Cannas diventa una discarica a cielo aperto
Coro di proteste degli abitanti che si affacciano lungo via Mannironi, ma nessuno interviene
NUORO. In via Mannironi, a poche decine di metri dalla rotonda con via Trieste, è pressoché impossibile non ricciare il naso per il nauseabondo “profumo” di rifiuti urbani provenienti dall’ospedale sanatoriale Cesare Zonchello, convogliati nella vallata di Cannas, all’aria aperta. Si tratta di uno scarico non denunciato come struttura fognaria. Manca dell’apparato vero e proprio, in quanto scarica i liquami per un tratto, fino a meno di 50 metri lungo la stretta gola della vallata di Cannas. Operazione che risaleagli anni Cinquanta, quando la città non andava oltre via Mannironi. Ora diventata un popoloso quartiere di periferia, dove hanno scelto di resiedere migliaia di nuclei famigliari. Oggi, con le nuove urbanizzazioni, il sistemo collettivo di smaltimento dei rifiuti igienico-sanitari, si è rivelato inadeguato. Proprio perché sfocia in poche decine di metri sotto la strada, procedendo a cielo aperto, ammorbando l’aria circostante. Il fenomeno si ripete in maniera intensa nelle giornate calde, specialmente durante l’estate, inquinando l’atmosfera circostante.

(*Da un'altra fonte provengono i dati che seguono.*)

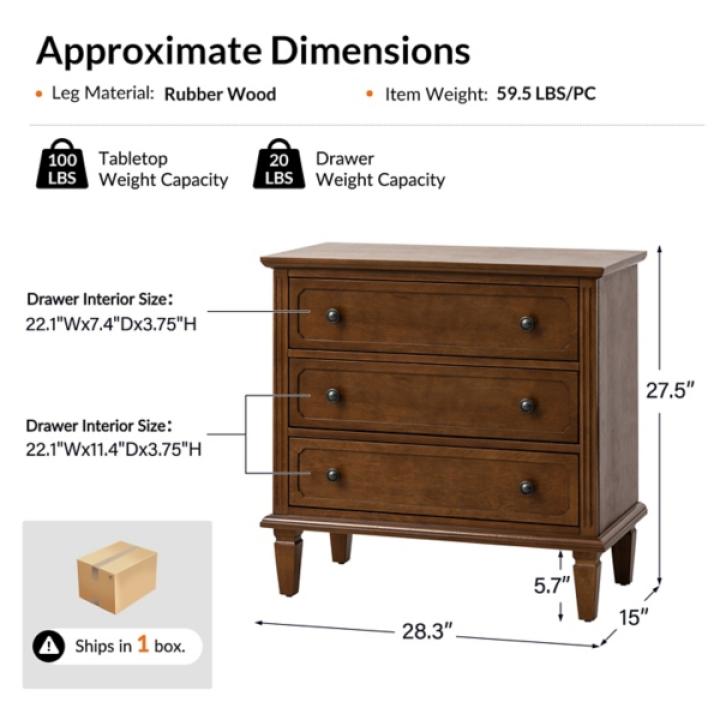 Walnut Wood Jonathan Charging Nightstand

Da qui le dure proteste delle famiglie residenti tutt’intorno a via Mannironi e la zona Cannas. A gran voce gli utenti chiedono l’intervento dell’amministrazione comunale, alla quale sollecitano di procedere alla messa a punto di un sistema di smaltimento che raccolga i liquami e accompagnarli, con una particolare tubazione, lungo il fondo valle. Qui, infatti, esiste un impianto di sollevamento che accompagna gli scarichi del rione di Preda ’e istrada dentro un sistema di tubazioni che portano i rifiuti in un sito dal quale parte una condotta che li porta a Su Tuvu, per la depurazione. Impianto nato solo da qualche anno, su cui convergono tutte le condotte fognarie della città. Qui si fa il trattamento, separando le acque bianche da utilizzare per l’irrigazione dei terreni agricoli di Badde Manna. Progetto che è ancora in itinere. Esiste una proposta del Consorzio di Bonifica della Sardegna Centrale, insieme all’amministrazione comunale, che deve essere ancora realizzato nel suo insieme. Una volta approntato, si provvederà a irrigare migliaia di ettari di terreno agricolo della vallata di Badde Manna.